CRE's Next Generation: Colliers' Sayo Kamara On Carrying The Torch To Advance Minorities In CRE
This series asks rising stars in commercial real estate about their thoughts on some of the biggest issues facing the industry, including inequality, climate change and technology.
Some leave everything behind to come to the Big Apple hoping to make it big on Broadway. Sayo Kamara hoped to make it in commercial real estate.
Four years ago, he packed four bags and his dog and moved from Dallas to Brooklyn to take an internship with Lee & Associates. The then-24-year-old was given a desk and a notebook, he said, and had to support himself with no outside financial help or generational wealth. So for the first year, each day after work, Kamara took the subway to wait tables at the Capital Grille at the Chrysler Building.
“I would try to network and get to know the people while doing this,” he said. “I kind of realized that I wanted to connect with someone who I could relate to and looked like me … I literally googled successful African American commercial real estate brokers in New York."

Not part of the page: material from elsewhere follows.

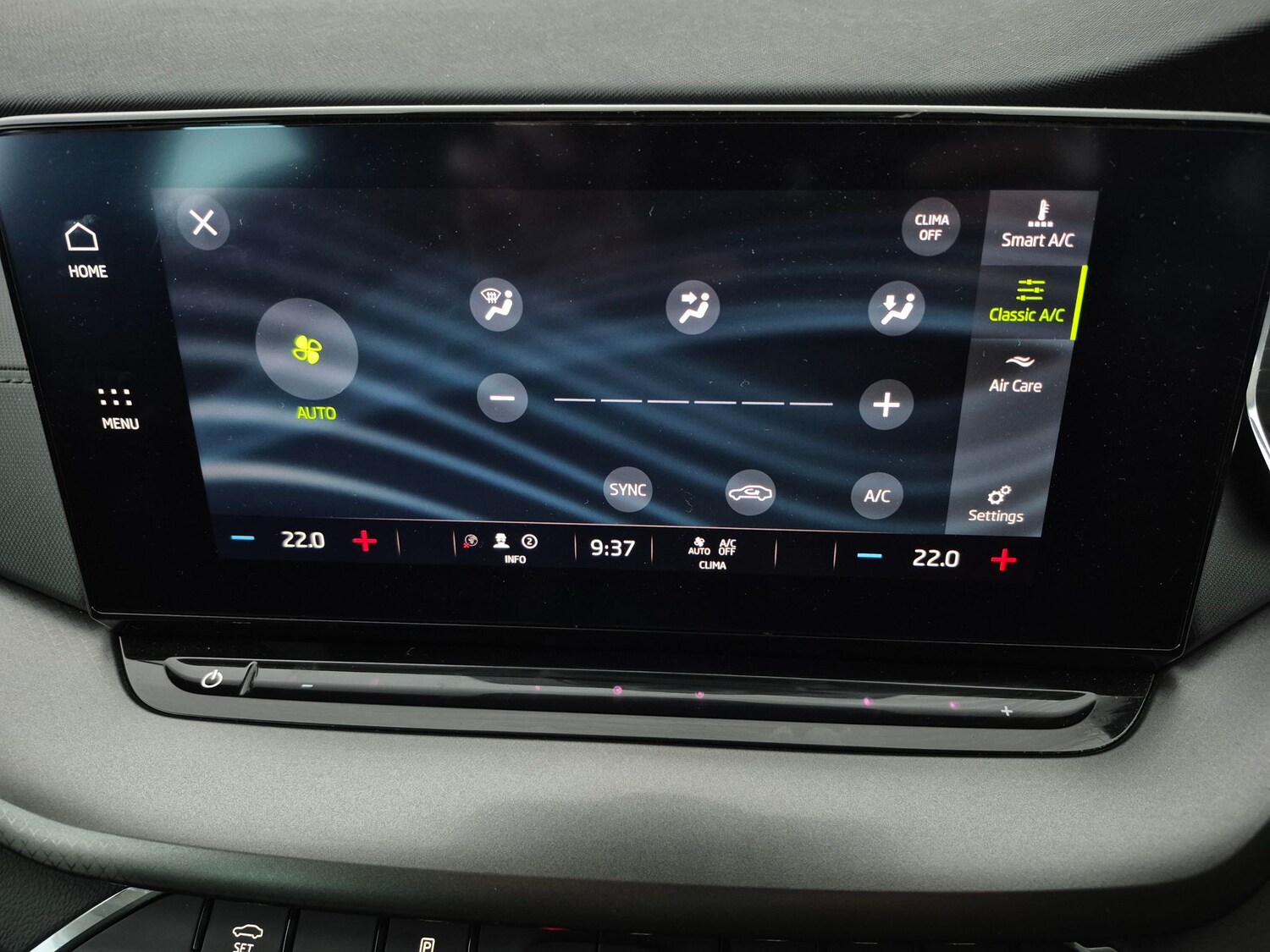 Used Skoda Octavia 2022 for sale - 77815029: Photo 17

His internet searching led him to Colliers Executive Managing Director Eric Yarbro.
"He was the only name that showed up, so I started cold calling him,” Kamara said.
It took a few calls, but eventually, Yarbro answered. Kamara said he became his mentor, and the next year, Kamara joined Colliers. Since that fateful move in 2017, he has represented major landlords and tenants, such as Brookfield Properties and Macmillan Publishers, as a broker.
Now 29, Kamara hopes to not only continue to rise through the ranks in his own career but to open doors for other people of color, a mission that his mentor, Yarbro, talked about constantly.
“I think that over the last year has been unique of course — the George Floyd incidents — I specifically remember calling [Yarbro] after, and he urged me to continue to push and stressed how important it was for us to continue to do what we are doing in the business and create opportunities for others,” he said.
Yarbro, a champion for diversity and inclusion in the industry, died unexpectedly less than a month after the George Floyd incident.
“Obviously with [Yarbro's] untimely passing, it created a huge void in the industry,” Kamara said. “He was the pioneer in advocating for minorities decades before the events of George Floyd and argued it’s not only good for society to have people of color in the commercial real estate industry, but as our world continues to evolve, it makes a lot of sense economically.”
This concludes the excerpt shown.